Proof assumptions

A proof assumption is anything that limits the applicability of a statement that has been otherwise proved by CBMC. An example of a proof assumptions is the assumption that packets coming off a network are of size at most 1024 bytes. This proof assumption would arise if the proof harness for a function modeled an incoming packet as any character buffer of size at most 1024 characters. Suppose that we run CBMC with this proof harness, and CBMC is unable to find any memory safety errors. We might be tempted to say that CBMC has proved the function is memory safe. But the truth is that CBMC has proved the function is memory safe only when the function is invoked on a packet of size at most 1024 characters. We believe that such a proof has value, and that hard-to-find software issues will be discovered in the course of writing such a proof, but the result is not absolute proof of memory safety.

Just to clear, every proof in mathematics depends on proof assumptions. In number theory, a theorem may hold for all integers n, assuming n is nonzero. The theorem is powerful because it is applicable to nearly every integer. In cryptography, a theorem may hold only if n is the product of two prime numbers p and q of roughly the same size. The theorem may still have powerful applications, but it applies only to a much smaller set of integers.

Proof assumptions must be clearly and accurately communicated to any proof reader and to any consumer of the proof. Doing this right may be the hardest part of proof. It is particularly important in the context of software proof, however, because the credibility of the proof tool and the methodology for using the tool depends on getting this right. Trust is hard to earn and easy to lose.

The two most common sources of proof assumptions are memory allocation and function abstraction.

Memory allocation

There are two common proof assumptions about memory.

Size

One class of assumption is size.
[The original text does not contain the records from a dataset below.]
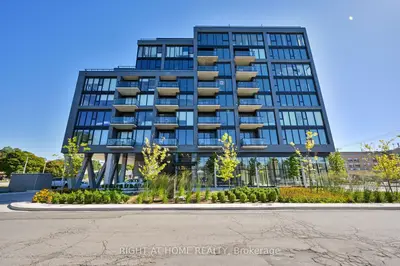 7 Smith Crescent 817, Toronto, On M8z 0g3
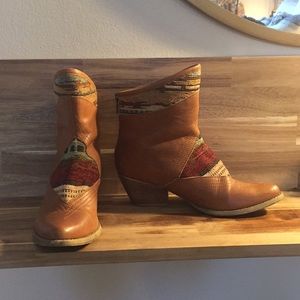 LF southwest bohemian tapestry leather boots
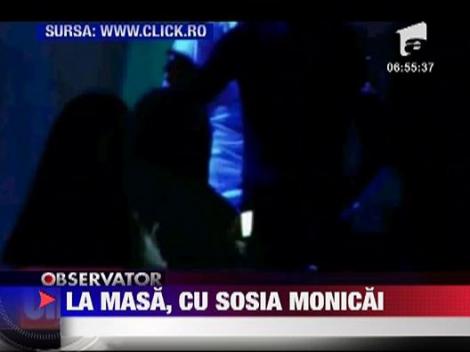 Irinel Columbeanu s-a distrat in club cu sosia Monicai ‎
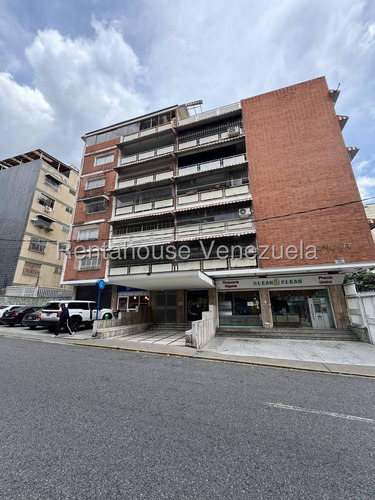 Apartamento Remodelado En Venta, Urb. Los Palos Grandes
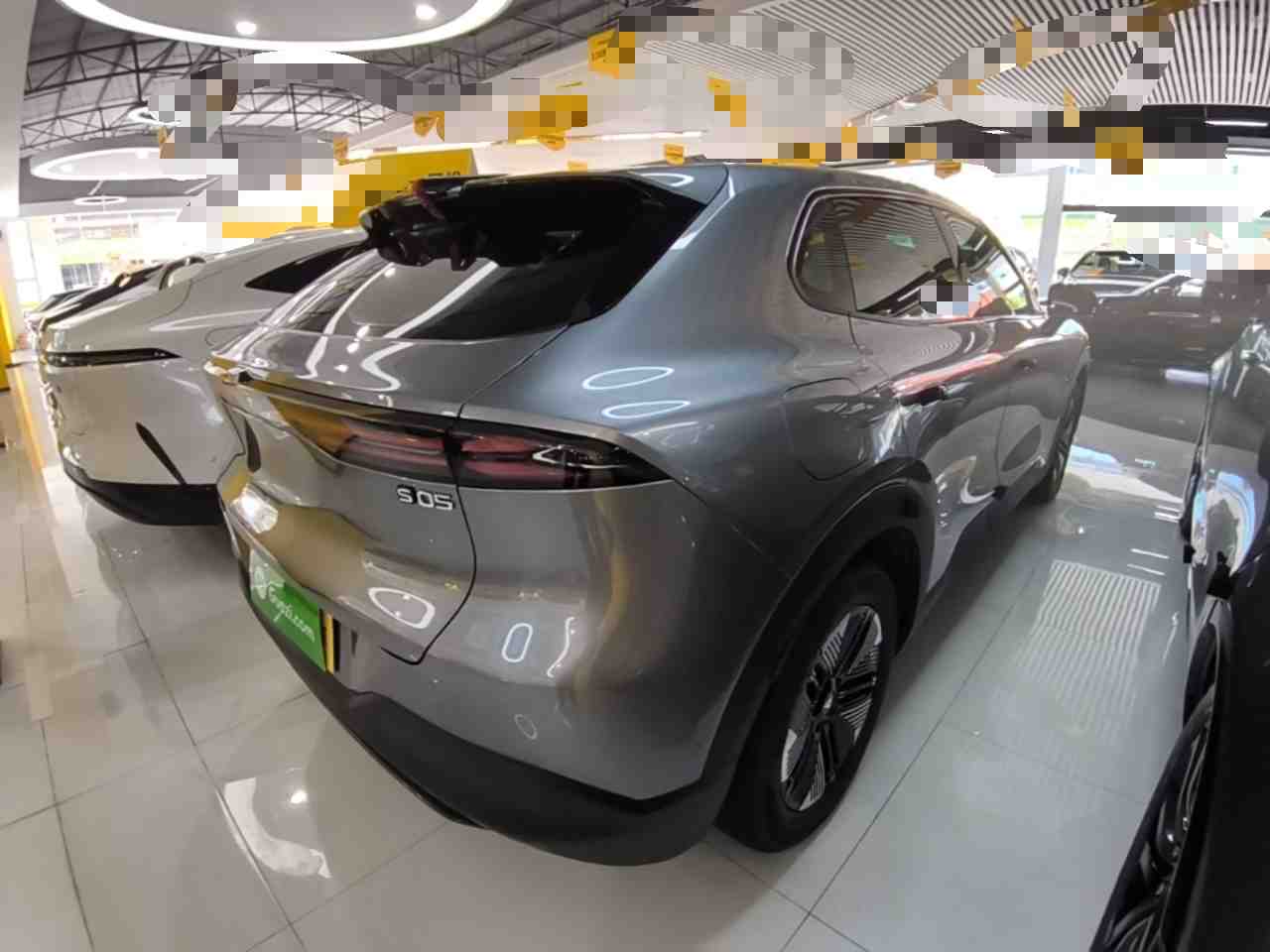 车辆右后45度外观展示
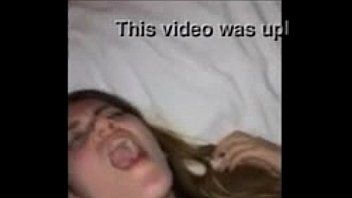 play Follada en su pequeño y travieso culo xnxx fuck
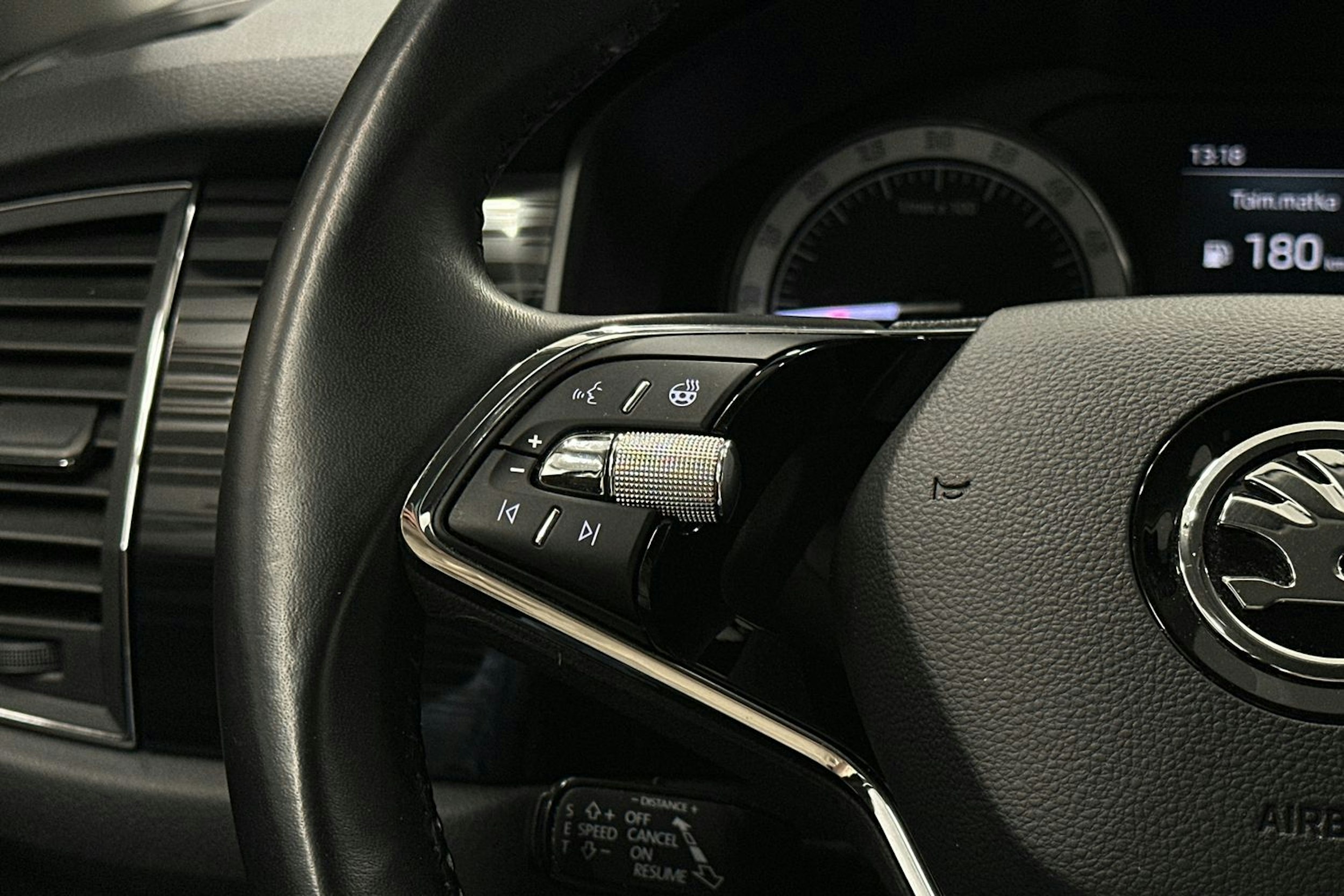 musta Skoda Kodiaq 2021 kuva 17.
Some are obvious. If the proof harness includes

  size_t size;
  __CPROVER_assume(size < 100);

  char *buffer = (char *) malloc(size);

then the buffer is assumed to be of size smaller than 100. Some are implicit. If the proof harness includes

  size_t size;

  char *buffer = (char *) malloc(size);

then the buffer is implicitly bounded to the size of the maximum object that CBMC can model (which is probably smaller than the largest size representable in a 64-bit integer, see our discussion of the memory model for more information).

Invariants

One class of assumption is well-formedness or implicit data structure invariants. Suppose the proof harness includes

  typedef struct {
    size_t size;
    char *buffer;
  } buffer_t;

  buffer_t *buffer = (buffer_t *) malloc(sizeof(*buffer));
  buffer->buffer = (char *) malloc(buffer->size);

then the proof harness is implicitly assuming that the pointer buffer->buffer is either NULL or a valid pointer to a buffer of size buffer-size. This is implicitly assuming an data structure invariant about buffer. Is this really something you want to assume about a buffer you receive as input from an untrusted adversary. Is this really something want to assume even when buffer->size == 0?

Function abstraction

There are two common kinds of function abstraction with CBMC.

Missing functions

One is implicit function abstraction done automatically by CBMC.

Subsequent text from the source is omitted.